Cuma Karena Tegur Pohon Ditebang, Petani Sawit di Mamuju Tengah Dikeroyok Tetangga
- account_circle mekora.id
- calendar_month Senin, 11 Agt 2025
- comment 0 komentar
- print Cetak

Petani Sawit Mamuju Tengah dikeroyok tetangga dirawat di Fasilitas kesehatan terdekat. (Foto : Istimewa)
info Atur ukuran teks artikel ini untuk mendapatkan pengalaman membaca terbaik.
MATENG, Mekora.id – Seorang petani kelapa sawit di Desa Tasokko, Kecamatan Karossa, Kabupaten Mamuju Tengah, Sulawesi Barat, menjadi korban pengeroyokan tiga tetangganya hanya karena menegur aksi penebangan pohon sawit miliknya. Peristiwa itu terjadi pada Sabtu (9/8/2025).
Korban bernama Muh Ali memergoki para pelaku sedang menebang pohon sawit di kebunnya.
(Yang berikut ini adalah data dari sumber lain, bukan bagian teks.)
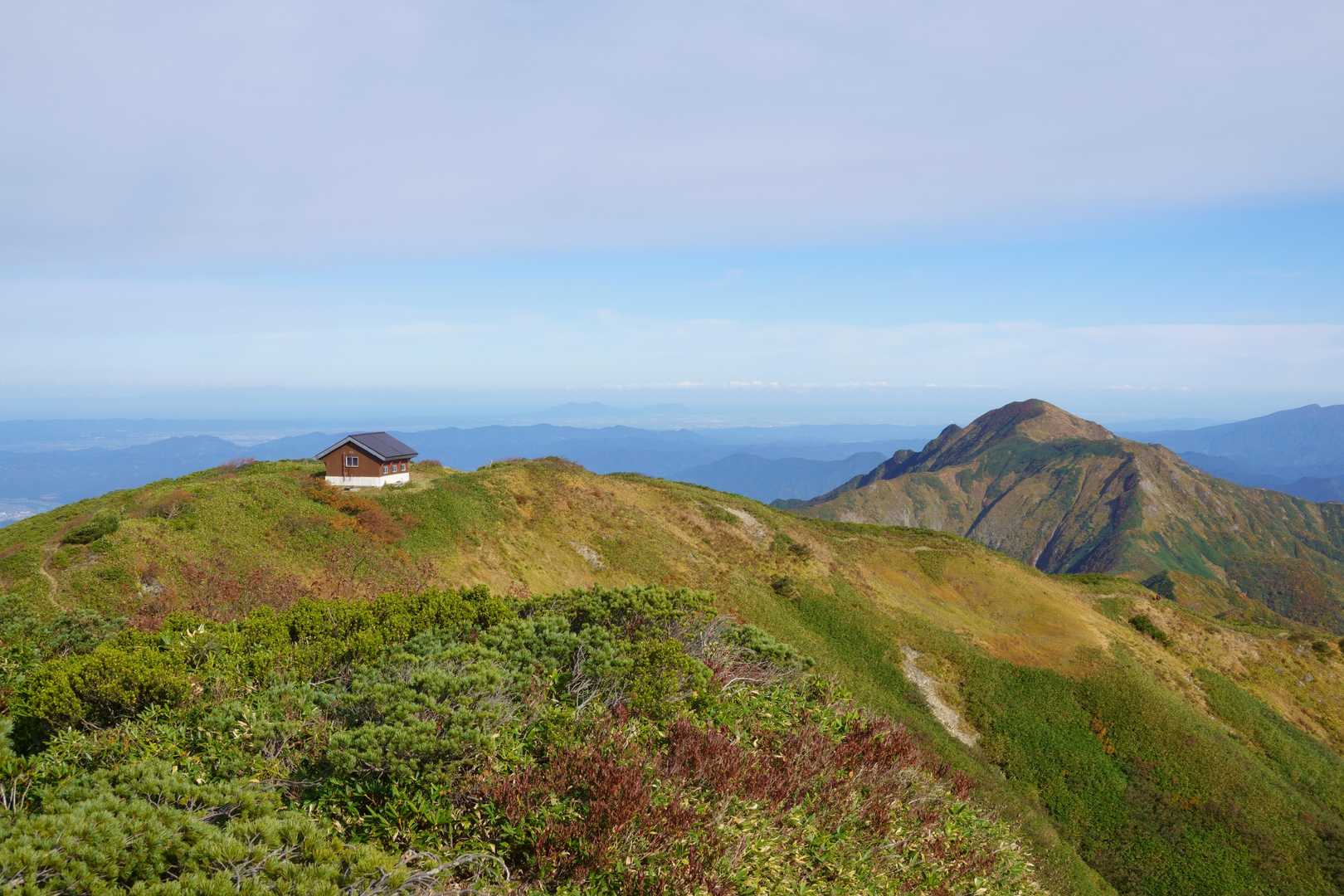 避難小屋と越後駒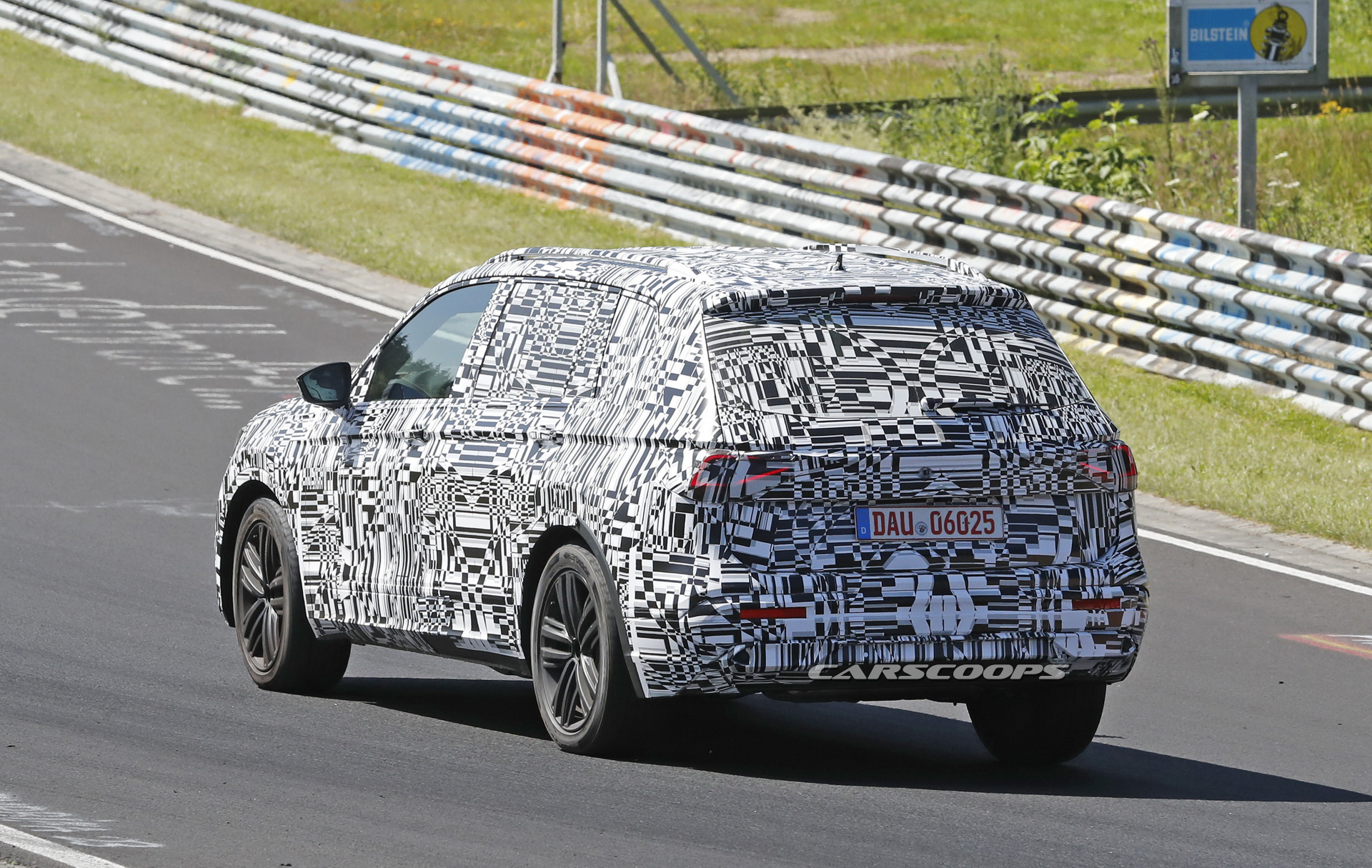 seat-tarraco-prototype-spied-ring-18 Seat Tarraco Begins Track Testing Wearing Production Headlights And Taillights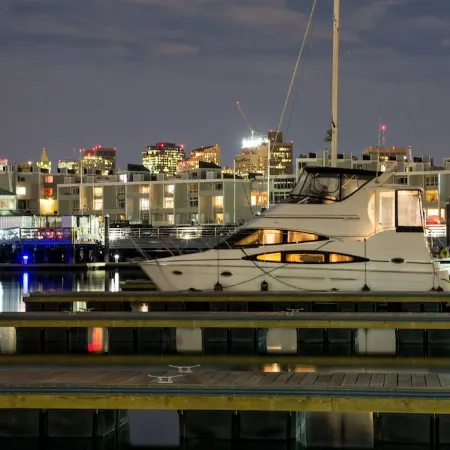 Boston Harbor Yacht,  AC/Heat, Walk to North End WiFi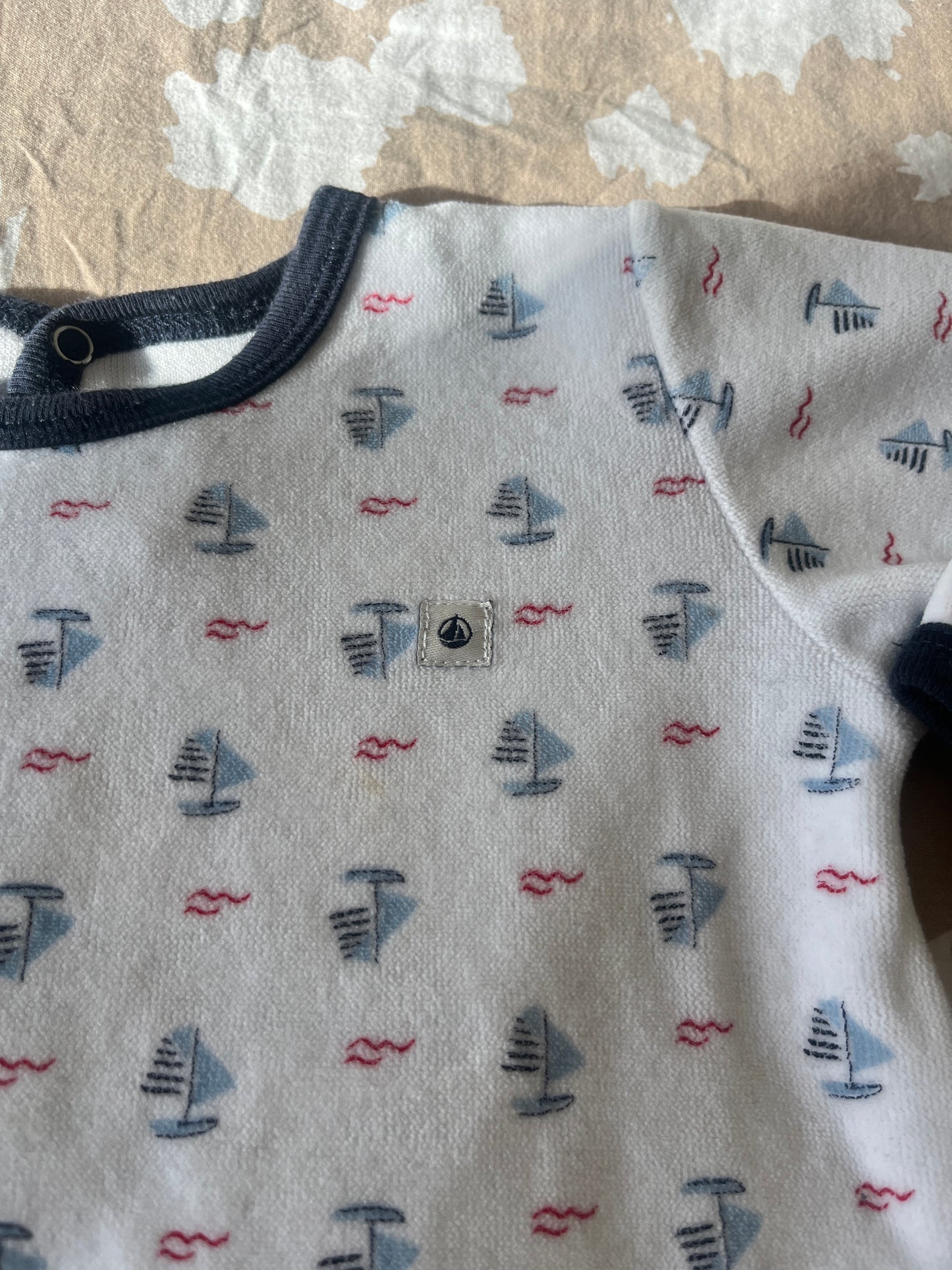 Pyjama en velours blanc avec motifs bateaux Petit Bateau - 12 mois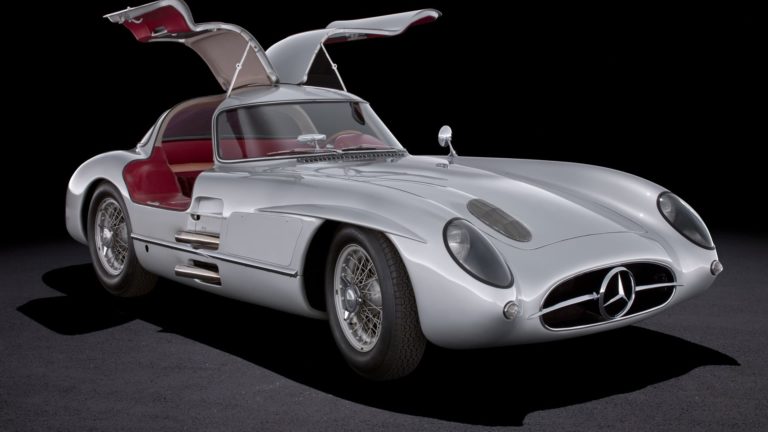 Mercedes-Benz 300 SLR Uhlenhaut Coupe sells at public sale for $143 million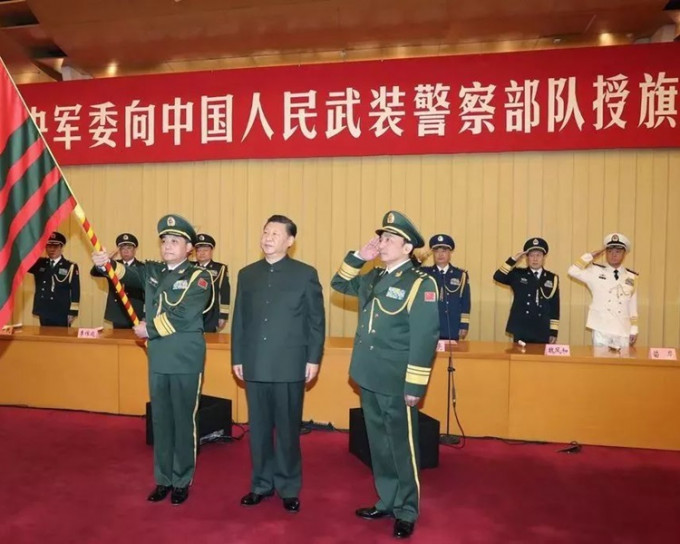 授旗儀式於今天上午10時在北京八一大樓舉行。網圖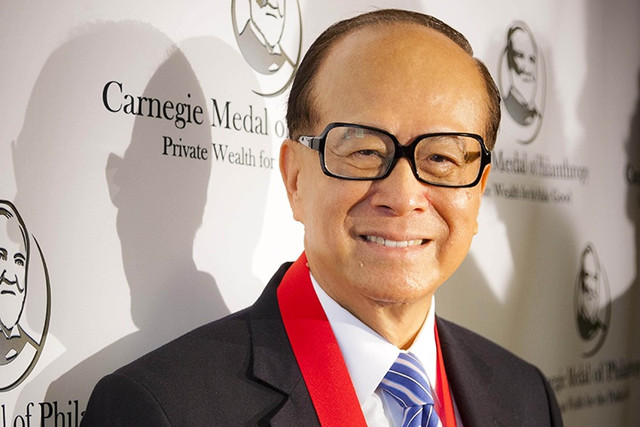 Tỷ phú Lý Gia Thành – người giàu nhất và có sức ảnh hưởng nhất tại Hong Kong. Tỷ phú Lý Gia Thành – người giàu nhất và có sức ảnh hưởng nhất tại Hong Kong.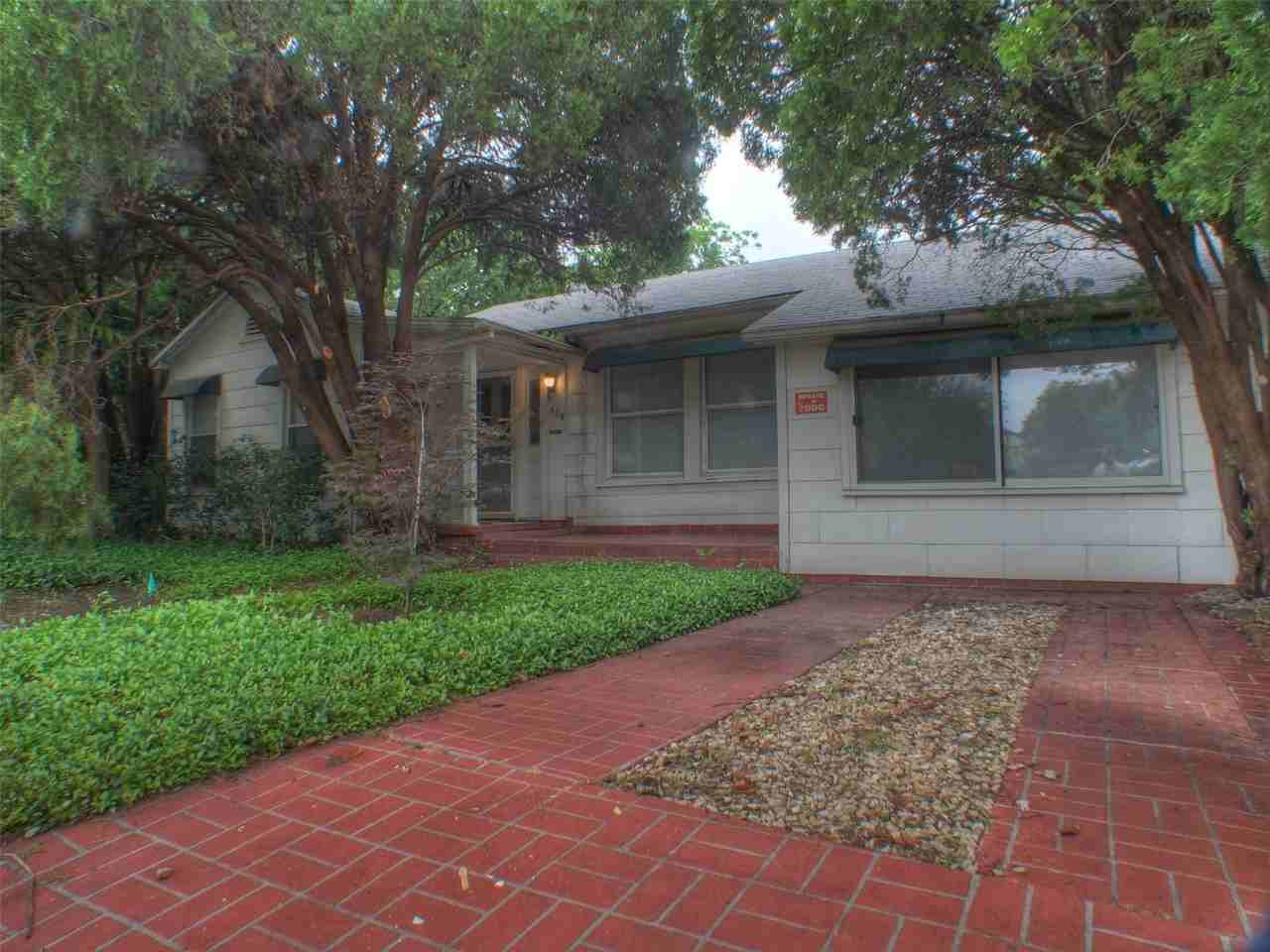 409 Jagoe St - Photo 2 of 8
Ia lalu bertanya, “Kenapa pohon sawit saya ditebang?” Namun, bukannya mendapat jawaban, pertanyaan itu justru dibalas dengan pukulan bertubi-tubi hingga korban mengalami luka di kepala.
Adik korban, Ino, yang menjadi pelapor, mengatakan pihak keluarga telah melaporkan kasus ini ke Polsek Mateng dan Polres Mamuju Tengah.
“Kami minta keadilan, pelaku segera ditangkap dan diadili agar kakak saya mendapatkan keadilan,” ujarnya kepada media suarasulbar.id, Minggu (10/8/2025).
Keluarga juga telah menyerahkan barang bukti kepada pihak kepolisian, termasuk hasil visum dari RSUD Mamuju Tengah.
Kasat Reskrim Polres Mamuju Tengah, AKP E. Reski, membenarkan laporan tersebut.
“Iye pak, sudah diterima anggota SPKT laporannya,” tulisnya singkat melalui pesan WhatsApp.
Kasus ini menjadi sorotan publik karena menguji kesigapan aparat dalam melindungi hak warga, terutama para petani yang menjadi tulang punggung perekonomian daerah.